Automotive News Europe reports that transport ministers from Germany, Italy, the Czech Republic, Poland, Romania, Hungary and Slovakia met March 13 to discuss changes to the European Union plans.
German transport minister Volker Wissing said skepticism about phasing out internal combustion vehicles was shared by Italy, Poland and the Czech Republic, among others.
He said the group of countries wants a separate category of combustion-engine cars that could run on synthetic, carbon-neutral e-fuels, after 2035.
"A ban on the combustion engine, when it can run in a climate-neutral way, seems a wrong approach for us," Wissing said March 13.

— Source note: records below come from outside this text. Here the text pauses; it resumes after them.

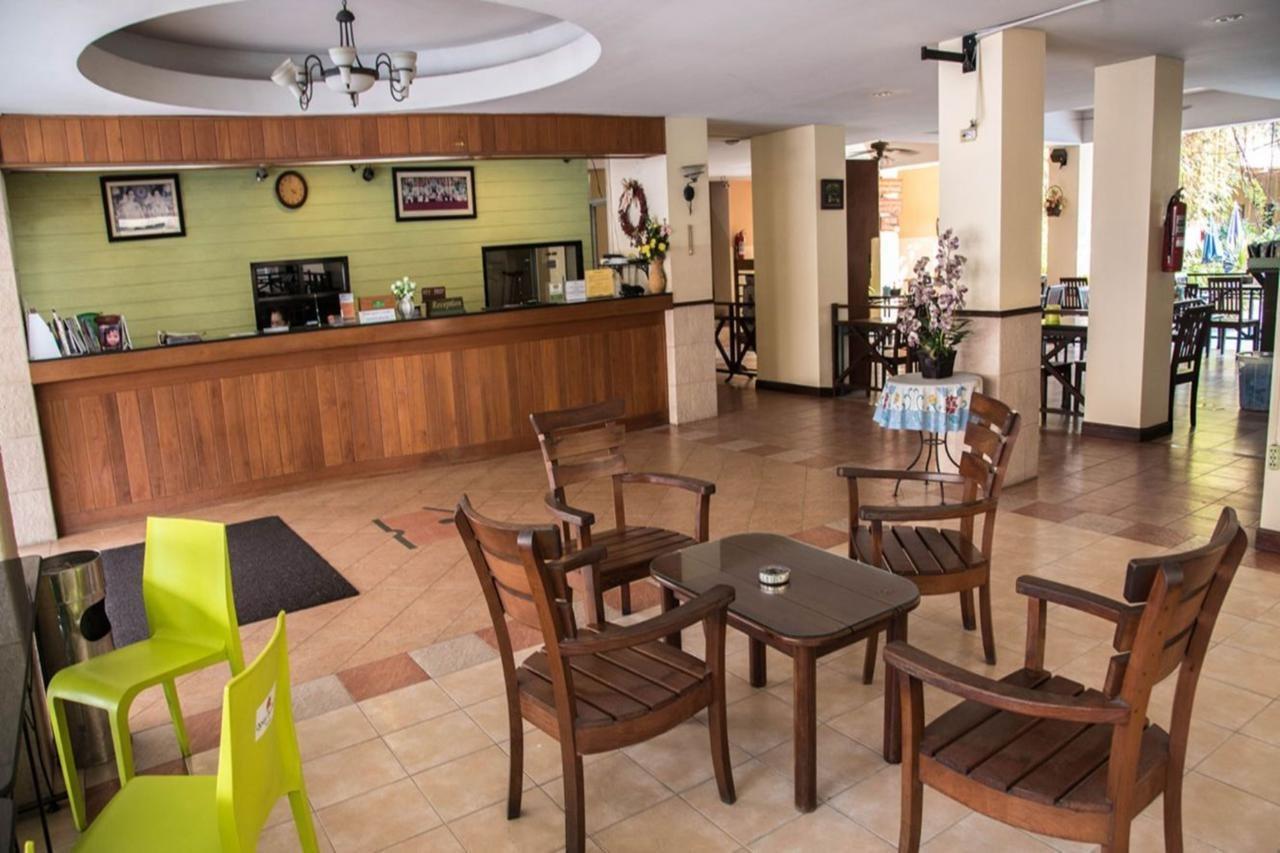 Opey De Place Hotel Pattaya
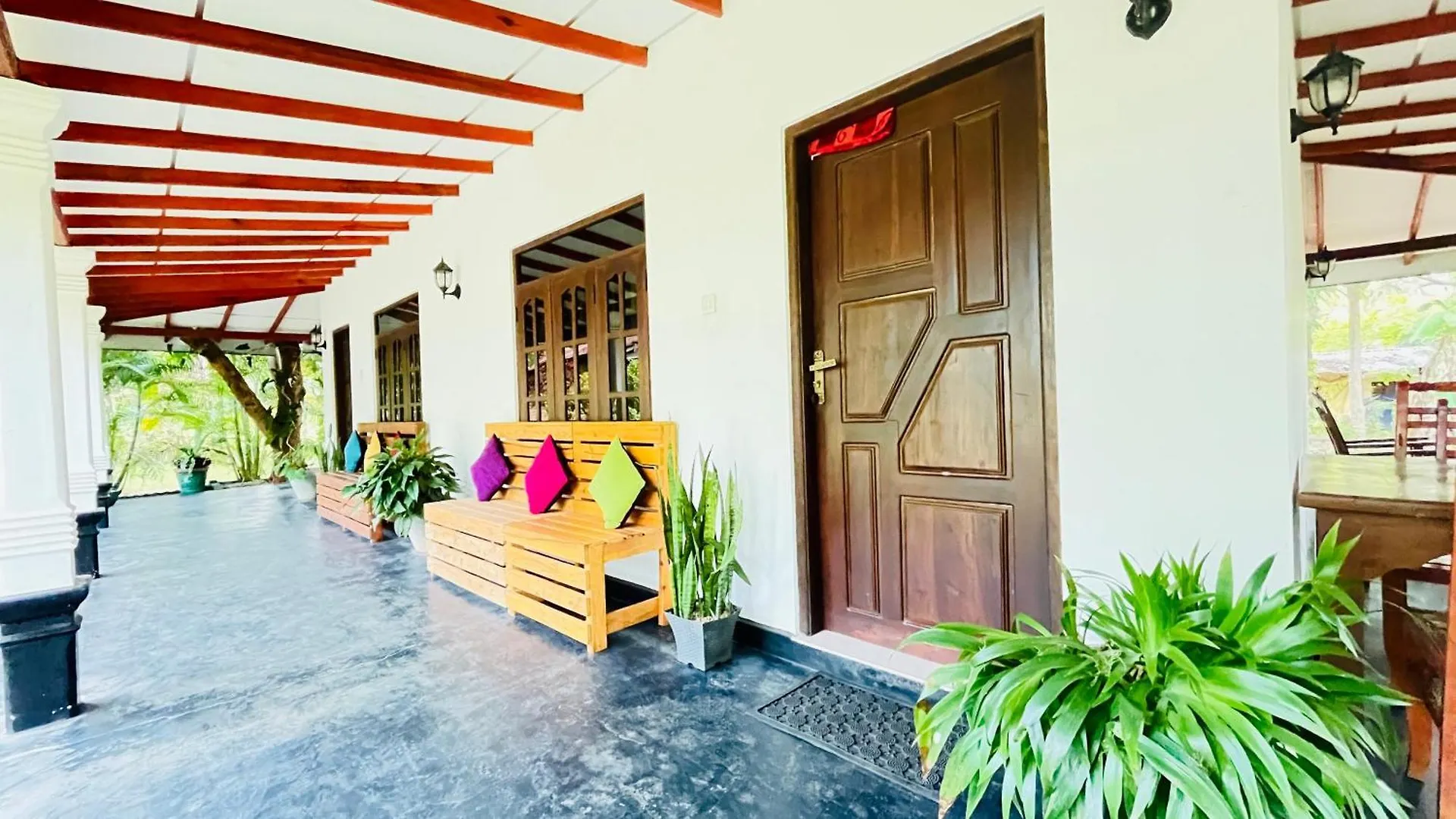 Sigiri Cardamon Villa Sigiriya 0*,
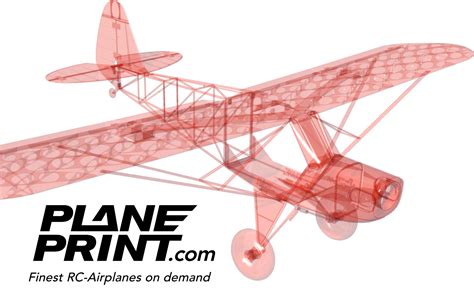 3d Printable Rc Planes Free Downloads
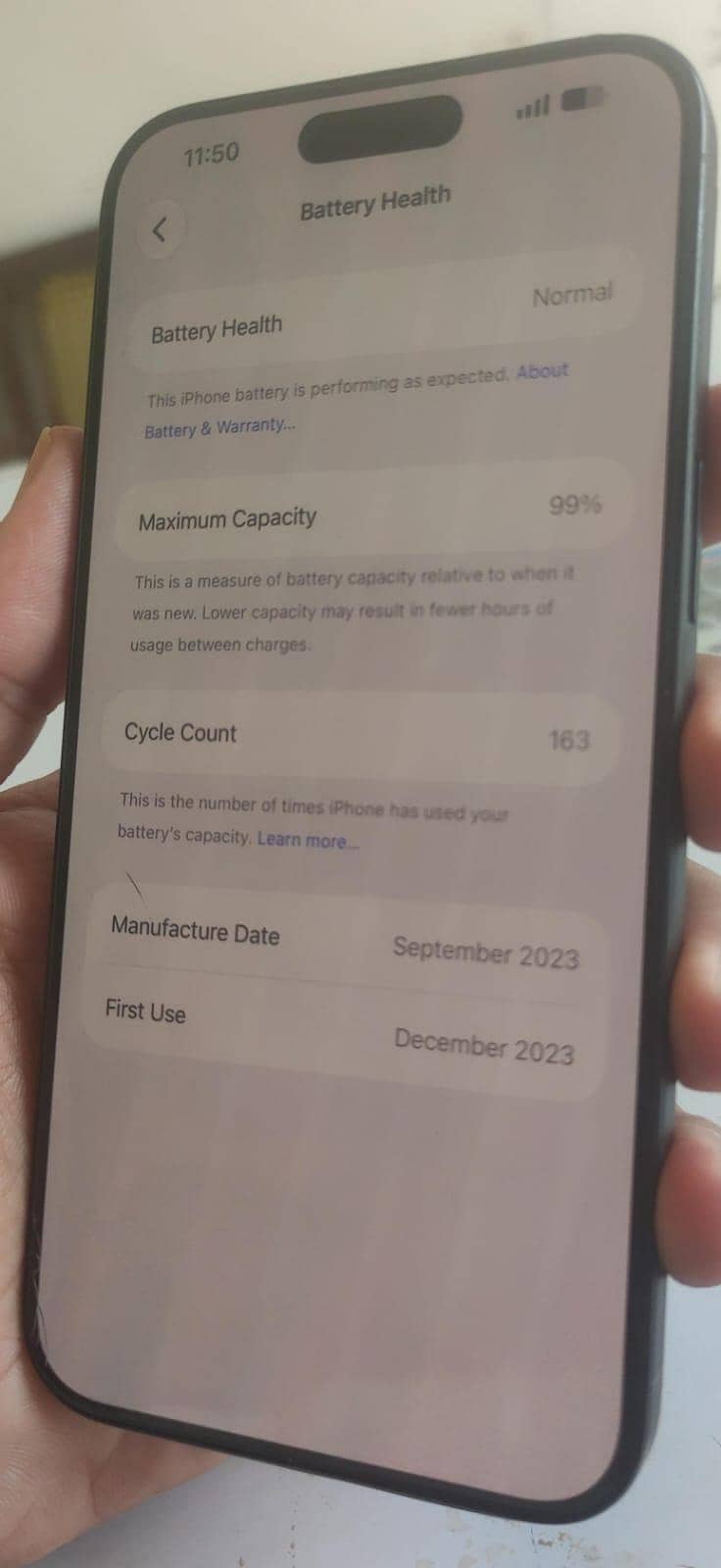 Apple iPhone 15 Pro Max 2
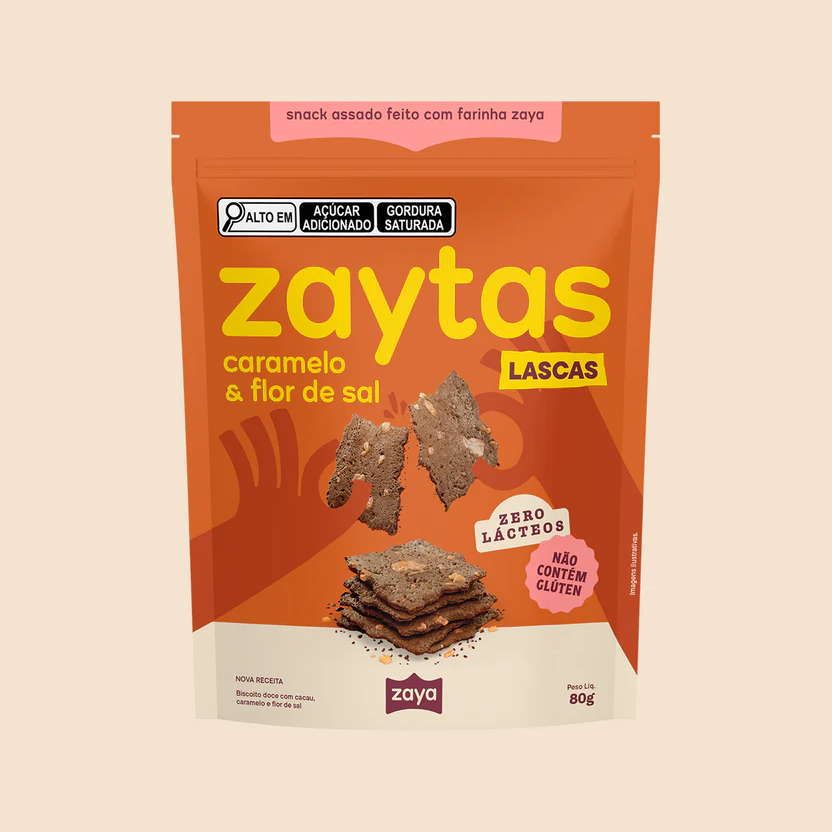 lascas deliciosas de acaramelo e flor de sal... bom demais!!
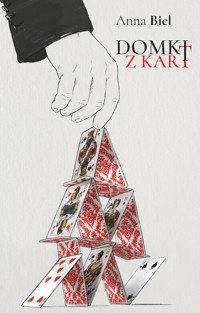 Domki z kart - Biel Anna - ebook + książka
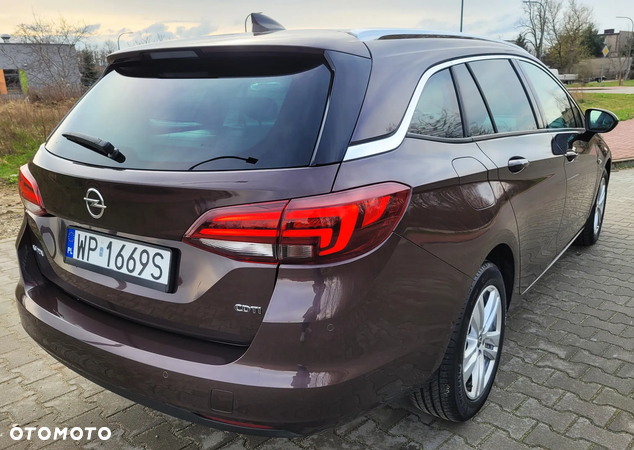 Opel Astra V 1.6 CDTI Elite S&S - 8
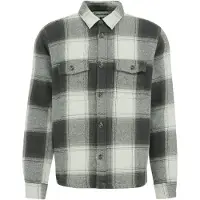 We fashion Overshirt Dark Green Talla: L | Camisas Casuales Outlet | Hombre | Verde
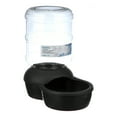 Aspen Pet Le Bistro Auto Gravity .5 Gal Pet Waterer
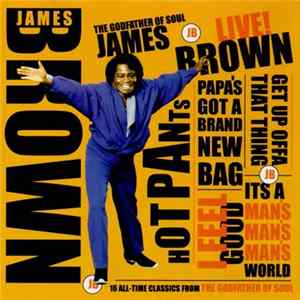 James Brown - Live! flac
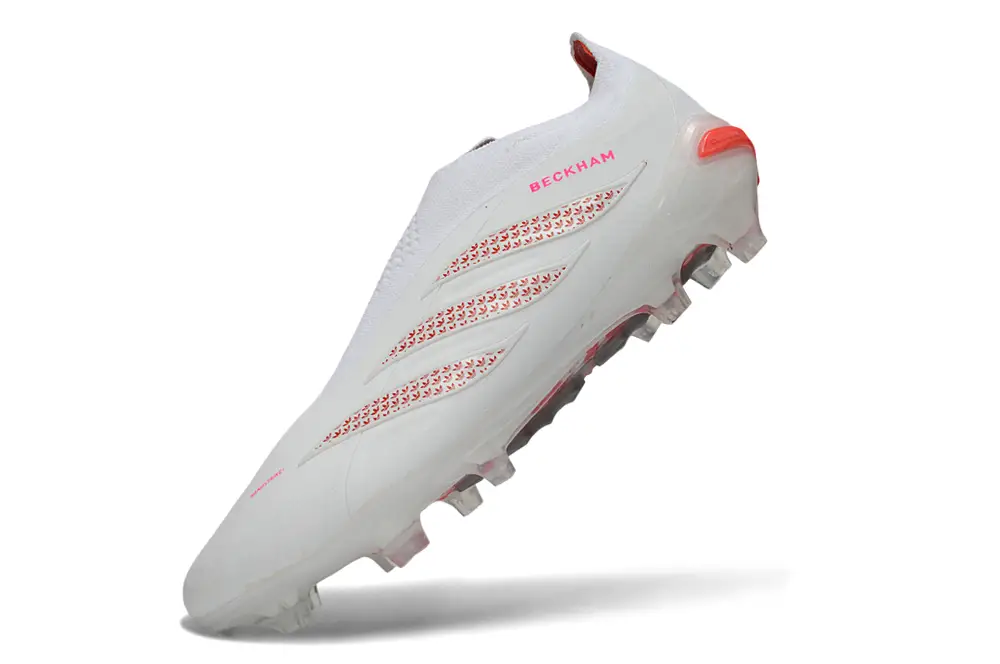 ADIDAS Adidas Predator Laceless Elite FG - Soccer Shoes Soccer Shoe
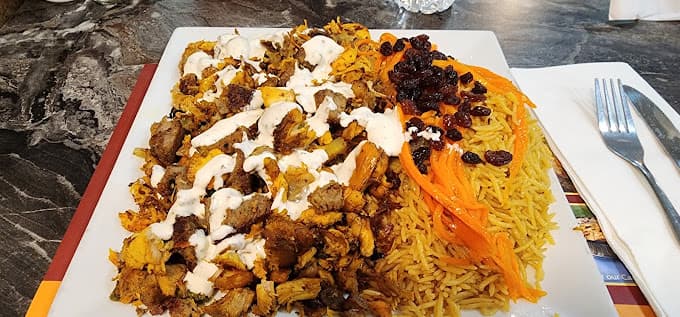 Kabab Paradise in Parsippany-Troy Hills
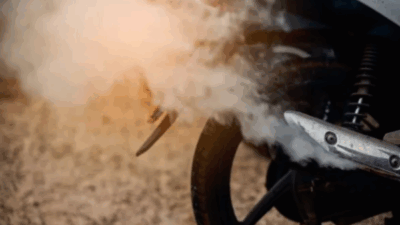 Knalpot Motor Bau? Atasi Masalahnya Sekarang Juga!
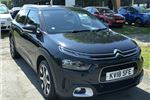 2018 Citroen C4 Cactus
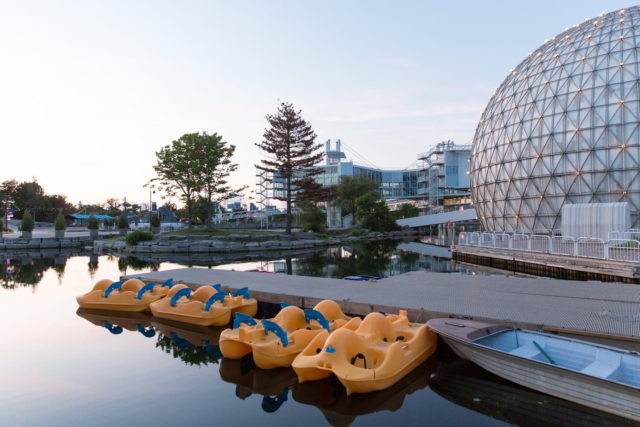 Ontario Place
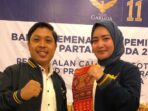 Caleg Partai Garuda Harus Ada Cara Rebut Hati Pemilih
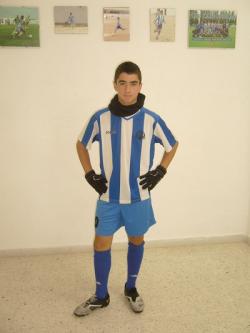 Jonatan (Carboneras) - 2010/2011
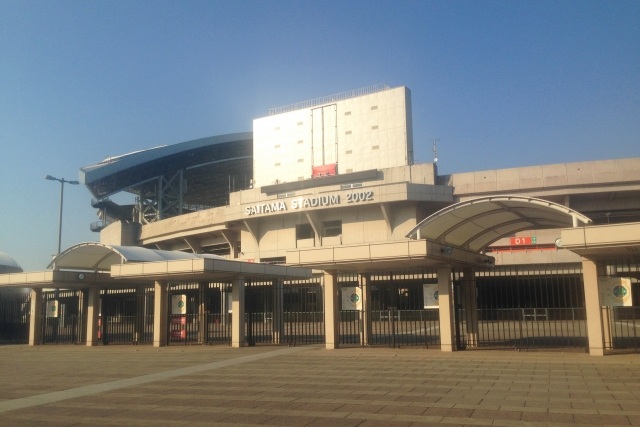 その他　埼玉スタジアム（その他）まで3038m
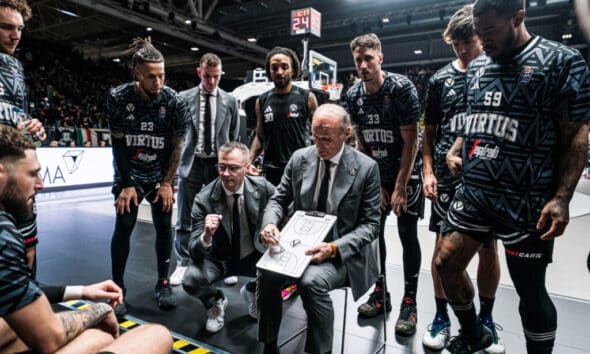 Virtus Bologna Ivanovic Real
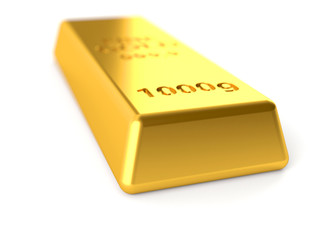 Gold ingot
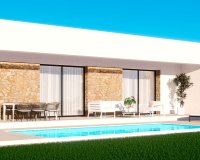 New Build - Townhouse - Finestrat
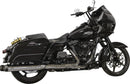 Harley-Davidson FLHFB 1868 Electra Glide Highway King 114 [2023] - Air Stinger Stealth Luftfiltersatz – Oberfläche: Schwarz – Bild 3
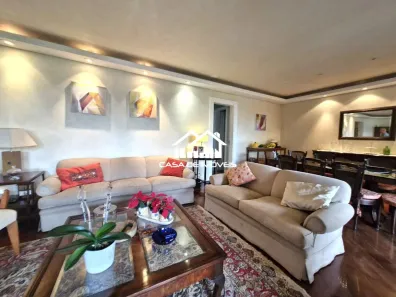 Apartamento com 4 Quartos para alugar, 250m² no Jardim Vitória Régia, São Paulo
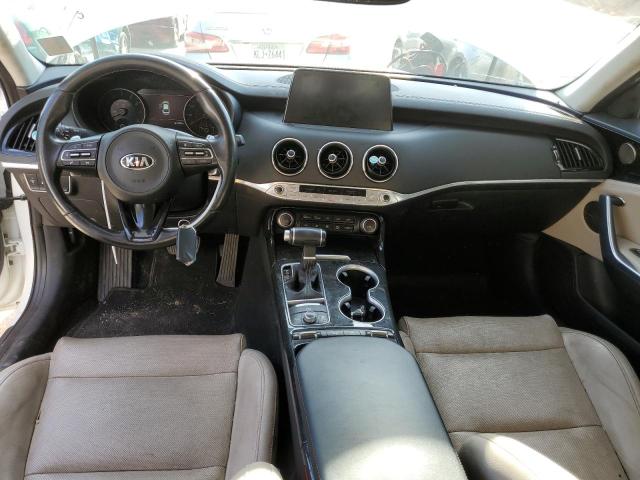 Photo 8 from auction – 2018 KIA STINGER PR with VIN KNAE25LA8J6024138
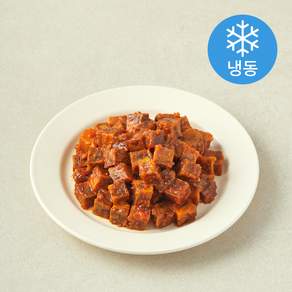 삼대가 돈젤라 매콤달콤맛 (냉동)
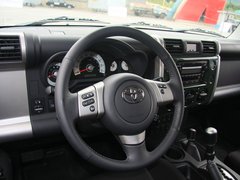 2011款 4.0L自动 5座 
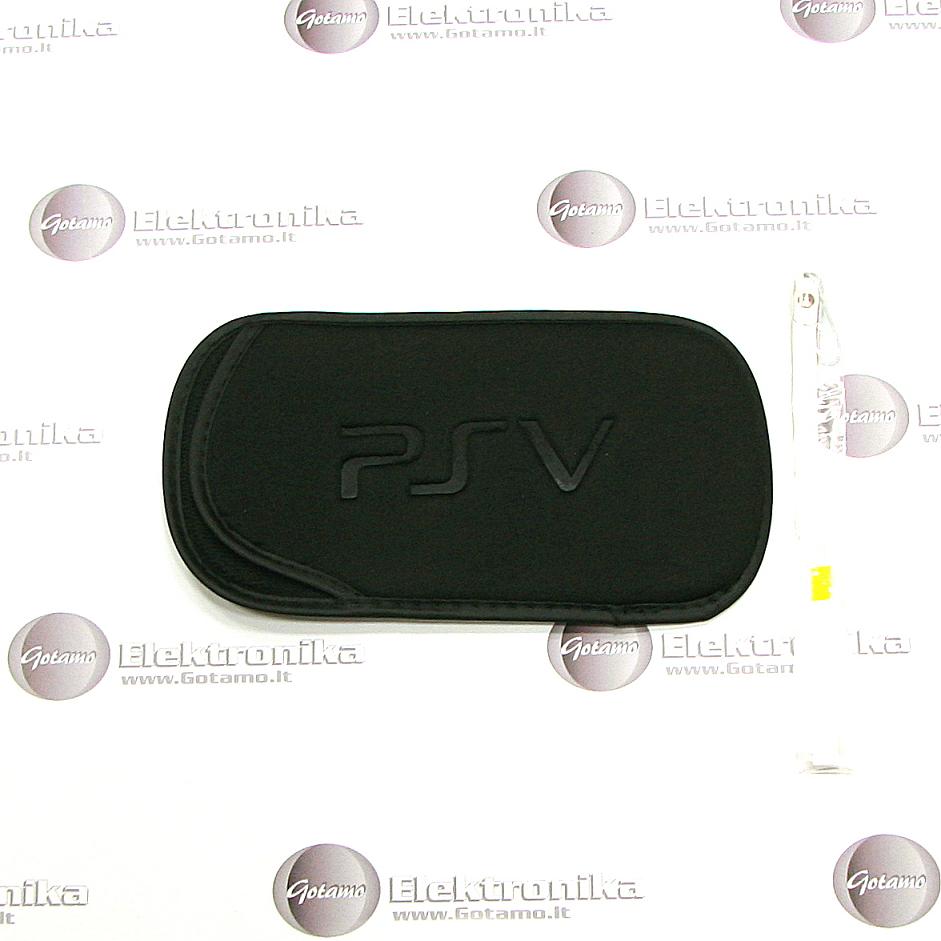 Sony PlayStation Vita PS Vita minkštas dėklas įmautė 3 Sony PlayStation Vita PS Vita minkštas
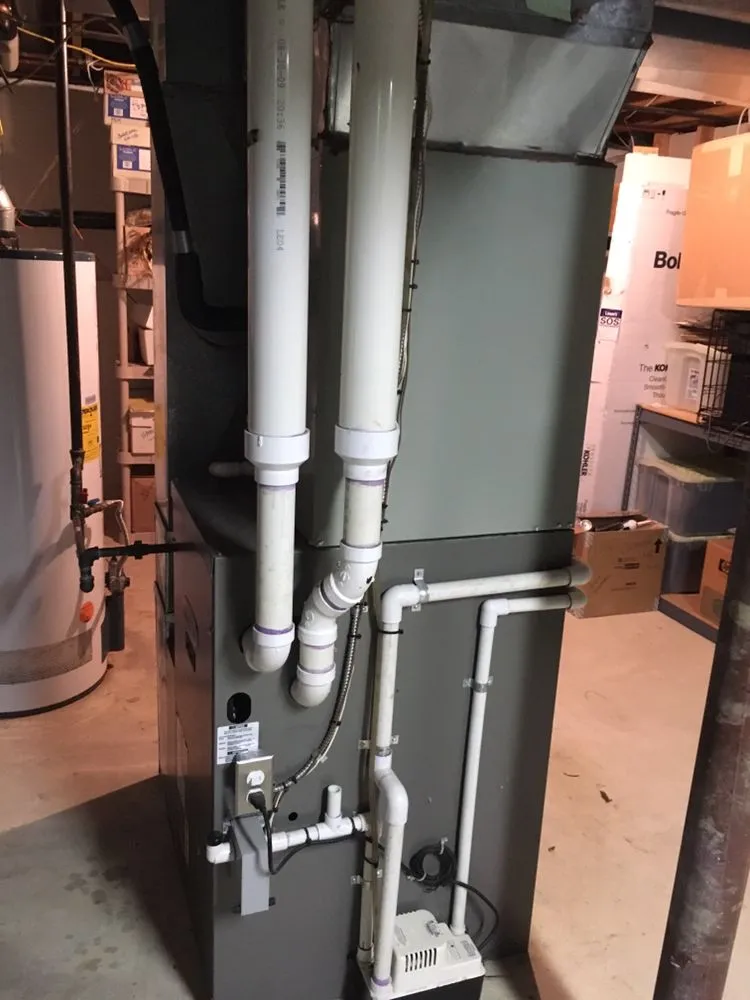 Slide of L&M Heating & Cooling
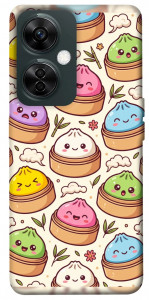 Чохол Pattern dumpling для OnePlus Nord CE 3 Lite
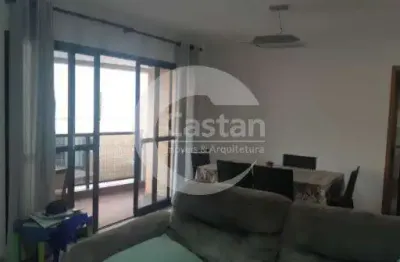Apartamento com 3 quartos à venda na rua da meação, --, jardim anália franco, são paulo, 127 m2 por r$ 1.200.000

Volkswagen and Porsche are developing e-fuels and have argued they could be an alternative to electrification in some segments of the auto industry. Wissing said vehicles running on e-fuels only should be exempt from the planned ban.
The ICE ban, the EU's main tool to speed up Europe's shift to electric vehicles, was put on hold earlier this month after last-minute opposition from Germany. That surprised policymakers in Brussels and other member states because EU countries and the European Parliament had already agreed to a deal on the law last year.
The EU says the 2035 date is crucial because the average lifespan of new cars is 15 years – so a later ban would stop the EU reaching net zero emissions by 2050, the global milestone scientists say would avert disastrous climate change. Transport accounts for around a quarter of EU emissions.